Moayad al-Azerjawi, an independent candidate in the parliamentary elections, walks by his poster in Baghdad’s Sadr City district on Tuesday. [Wissam al-Okaili/Reuters]

The same power groups that benefited from the post-2003 muhasasa systemAccording to LSE professor Toby Dodge, the ethnic-sectarian power-sharing arrangement that has been a defining feature of Iraqi politics is likely to emerge triumphant in the election.

“These new laws still favor those who have a nationwide organization with money and network,” Dodge said. “The big old parties that were responsible for setting up the system in 2005 will continue to dominate the system.”

The determining factor

However, a recent statement from Grand Ayatollah al-Sistani, the Iraqi Shia spiritual leader and the group’s most influential Muslim scholar, could change the picture.

“While not without some flaws, it remains the best way to achieve a peaceful future and avoids the risk of falling into chaos and political obstruction,” al-Sistani’s statement read.

For many politically apathetic Shia voters, al-Sistani’s approval is likely to be the determining factor in their decision to vote or not, even if they don’t believe that real change can be achieved through the ballot box.

“Voter turnout could be slightly higher than 2018 when it dipped below 50 percent, especially after al-Sistani’s statement,” Hamzeh Hadad said.

“While voter registration has already ended, al-Sistani’s encouragement could mean more people who had already registered but previously decided not to vote would eventually vote.”

System change unlikely

Regardless of the turnout, however, many believe that a systematic change of the status quo is unlikely. Some analysts have said that the international community’s diminished focus on Iraq and the subsequent lack of pressure have actually given the government the green light not to push for drastic change.

“There probably won’t be any direct confrontations between the establishment and international society, because as long as Iraq remains somewhat stable as it is now, the world would probably be fine,” said Lahib Higel, a senior Iraq analyst at Crisis Group.

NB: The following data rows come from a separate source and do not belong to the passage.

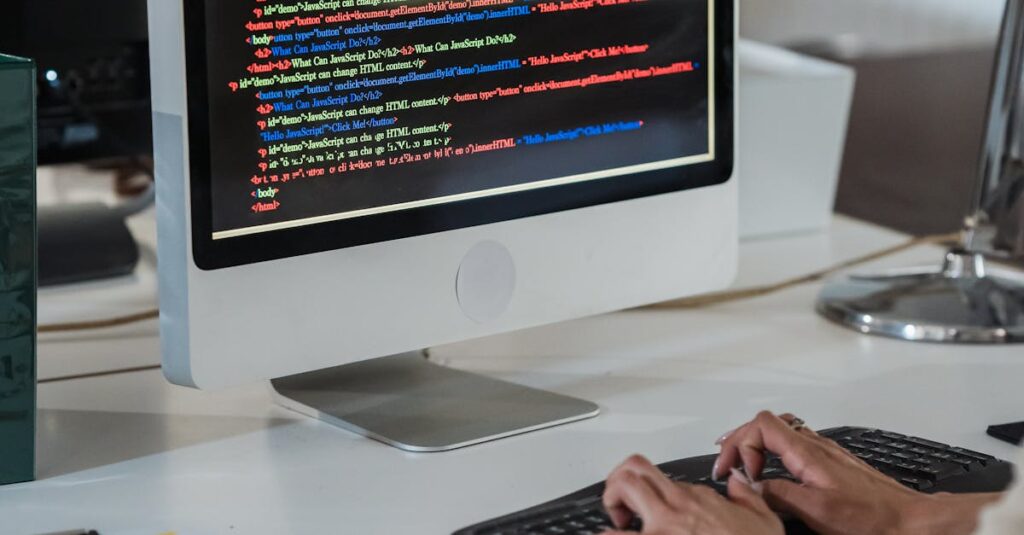 Close-up of a person typing code on a computer in an office setting.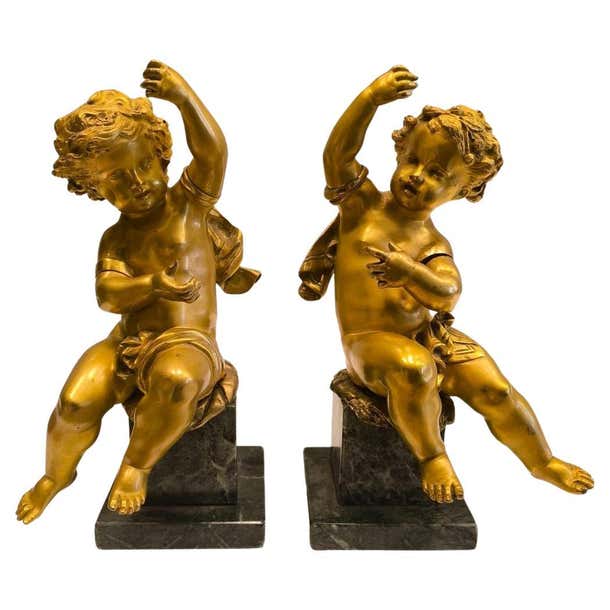 Reproduction Putti Pair of French putti in gilt and chiseled bronze on a green marble base ...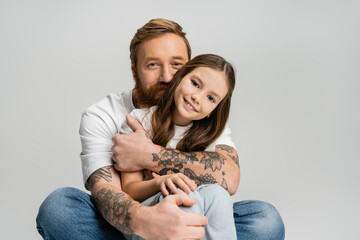 Tattooed man in t-shirt and jeans hugging happy preteen kid isolated on grey.
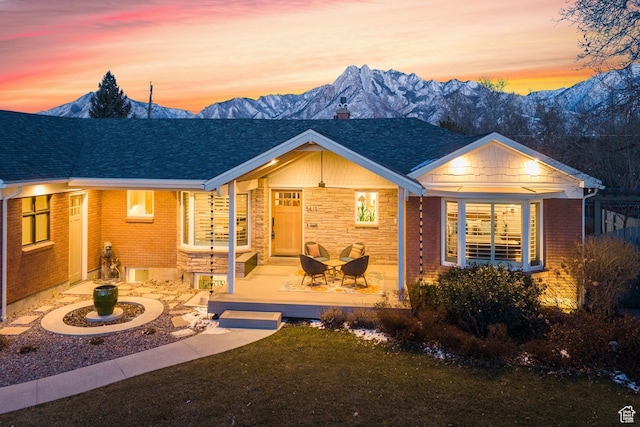view of front facade featuring a yard and a mountain view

In this crisis-ravaged country, no political party is expected to win a majority vote, meaning it would take months to form a coalition government.

The influential Sadrist movement, led by the nationalist icon Muqtada Sadr, who has emerged in Iraqi politics as a vocal opponent of any foreign influence, and the Iran-affiliated Fateh group are likely to lead the parliament seats. A subsequent candidate for a compromise prime minister, such as current interim prime minister Mustafa al-Kadhami, is therefore a likely outcome.

What exactly that would mean for the lives of Iraqis remains uncertain. The violently crushed Tishreen movement and the next targeted assassination campaign against anti-Iran critics fundamentally changed the Iraqis’ will and tactics to voice their grievances.

The protests may not return to their original form, but without addressing the systemic problems, the lingering discontent could spark another round of public anger, analysts say.

“Anything can happen in Iraq — unless you suddenly have 24 hour electricity and a booming economy, anything can spark protests,” Hadad said.